Son Botu Sebut Ada Nuansa Politis Dibalik Gugatan Sengketa Jual Beli Lahan PAUD di Desa Ladogahar, Sikka
MAUMERE-Anggota DPRD Sikka dari Partai Gerindra, Sufriance Merison Botu menilai ada nuansa politis dibalik gugatan perdata terhadap dirinya dalam kasus sengketa jual beli lahan PAUD Santa Mathilda di Desa Ladogahar, Kecamatan Nita.
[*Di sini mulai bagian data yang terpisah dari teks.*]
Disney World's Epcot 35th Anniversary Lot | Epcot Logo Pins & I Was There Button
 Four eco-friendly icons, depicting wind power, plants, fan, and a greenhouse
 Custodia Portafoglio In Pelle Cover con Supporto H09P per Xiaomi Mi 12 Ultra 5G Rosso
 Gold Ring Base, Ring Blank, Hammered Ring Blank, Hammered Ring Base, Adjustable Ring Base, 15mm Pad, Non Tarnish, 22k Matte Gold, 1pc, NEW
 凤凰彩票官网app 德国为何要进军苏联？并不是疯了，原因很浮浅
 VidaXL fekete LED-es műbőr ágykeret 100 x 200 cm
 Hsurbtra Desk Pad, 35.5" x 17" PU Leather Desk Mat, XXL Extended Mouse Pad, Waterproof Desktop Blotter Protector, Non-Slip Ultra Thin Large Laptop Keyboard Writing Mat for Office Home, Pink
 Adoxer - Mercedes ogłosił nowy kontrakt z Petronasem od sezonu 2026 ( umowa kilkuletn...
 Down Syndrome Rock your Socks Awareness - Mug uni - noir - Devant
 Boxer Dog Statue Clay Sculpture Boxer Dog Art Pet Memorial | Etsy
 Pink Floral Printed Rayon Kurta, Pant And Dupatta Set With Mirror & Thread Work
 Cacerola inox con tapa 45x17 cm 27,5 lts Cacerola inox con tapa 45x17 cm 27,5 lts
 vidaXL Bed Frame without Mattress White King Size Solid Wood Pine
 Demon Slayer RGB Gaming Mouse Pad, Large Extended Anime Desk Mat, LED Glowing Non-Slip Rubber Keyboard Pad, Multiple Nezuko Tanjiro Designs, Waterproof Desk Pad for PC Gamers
Lahan untuk pembangunan PAUD Santa Mathilda itu dibeli oleh Son Botu dari Muhamad Toriq alias Hubertus Karlince sebesar Rp 30 juta. Lahan yang dibeli dari dana pribadi itu kemudian dihibahkan untuk pembangunan PAUD tersebut.
“Kalau saya menilai gugatan ini ada nuansa politisnya. Teman teman media bisa melihat bagaimana saya dibully di media sosial, dikatakan bahwa tanah tersebut belum lunas lah dan sebagainya,” ujar Merison Botu, Senin (08/012024) siang.
Dirinya menyayangkan gugatan tersebut baru dilayangkan setelah proses pembangunan gedung PAUD hampir rampung dikerjakan.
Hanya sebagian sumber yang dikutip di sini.